Why? Why on God’s earth would a basketball star of this magnitude just walk away from the game and the fame, or go from being one of the world’s highest paid women’s basketball players to taking a vow of perpetual poverty? Why would an attractive, funny, vivacious 25-year-old woman renounce marriage and family to lock herself up in a monastery? Why would a loving daughter and sister embrace a religious discipline wherein she could only see her family — through a screen —a few times a year, and hug them only once every 25 years? Why would anybody voluntarily live a life in which they could own nothing, sleep no more than four hours at a time (on a straw mat), eat no more than one full meal a day, and use telephones, TV, radio, internet and newspapers — well, never?

It all boils down to this: We’re all gonna die. And when we do, all of the money and the prestige and the accomplishments and the basketball awards are going to fall away. All that will be left is us and God. If we play our cards right, we will spend eternity beholding his face and praising him. And, as St. Augustine says, that is where our truest happiness lies — in this life as well as in the next: “Our hearts were made for Thee, O Lord, and will not rest until they rest in Thee.”

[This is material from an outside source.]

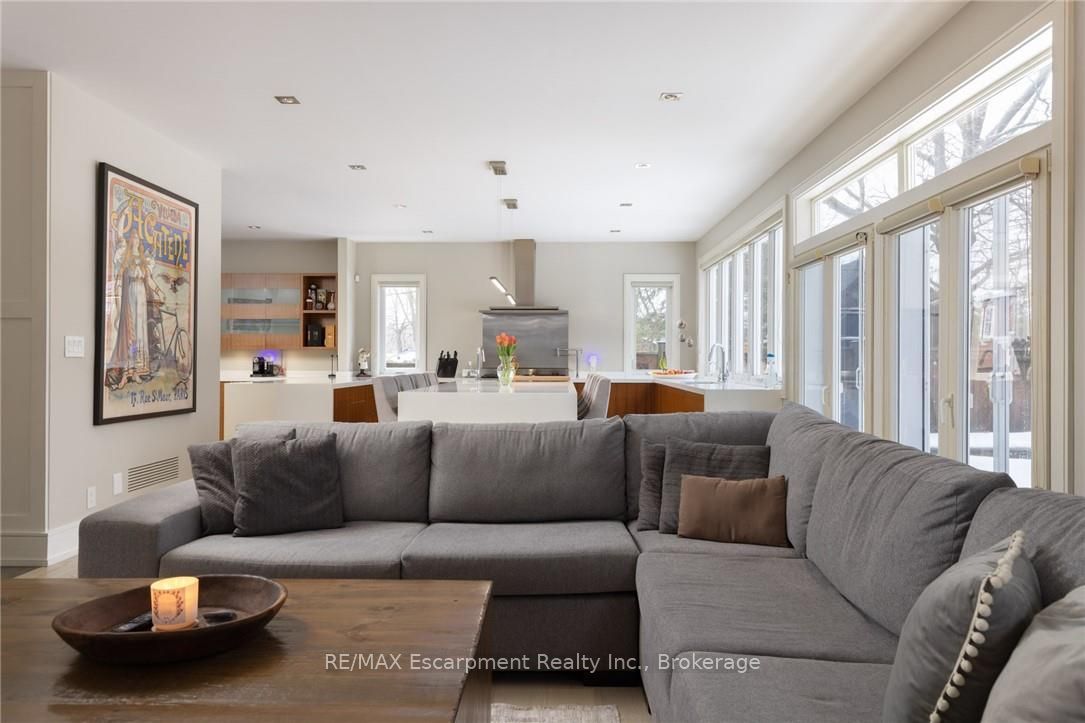 287 Macdonald Road Property Photo 10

Cloistered sisters like the Poor Clares make the radical choice to live that way now — to begin their eternal life here on earth. As religious sisters, they are brides of Christ, and they focus their lives entirely on their bridegroom, without the distractions of all the stuff that’s going to fall away after death anyway. They spend their lives primarily in prayer — praying for you and for me and for this entire mixed up world and in deepening their own relationship with Christ.

This, it goes without saying, is a radical way to live. It is not for everyone, or even for most people. It is a free choice on the part of the sisters. But they do not take the initiative. God himself is the initiator. He calls them to this life, and they freely respond. Sister Rose Marie herself told her coach that this was not the life she would have chosen for herself, but it was very clear to her that it was the life God was calling her to.

I finally got to see Sister Rose Marie last weekend, as she celebrated the 25th anniversary of her solemn vows. I had the privilege of witnessing the once-every-25-year-hugs she gave her family. I spoke to her briefly, from behind the screen. She was always a cheerful person. But I saw a joy and a radiance in her that day that I have rarely seen ever, in anyone. It was beautiful.

The great gift these sisters give to us, aside from their prayers, is that they remind us that this life, and all its pleasures and distractions, will not last forever. And their dedication and their joy give us a small glimpse into the joy that is in store for us, if we can only imitate in some small way their singular focus on their Bridegroom.

Pray for them. And pray for the grace to do what they do — to rise above the distractions of this world and look toward the life that never ends.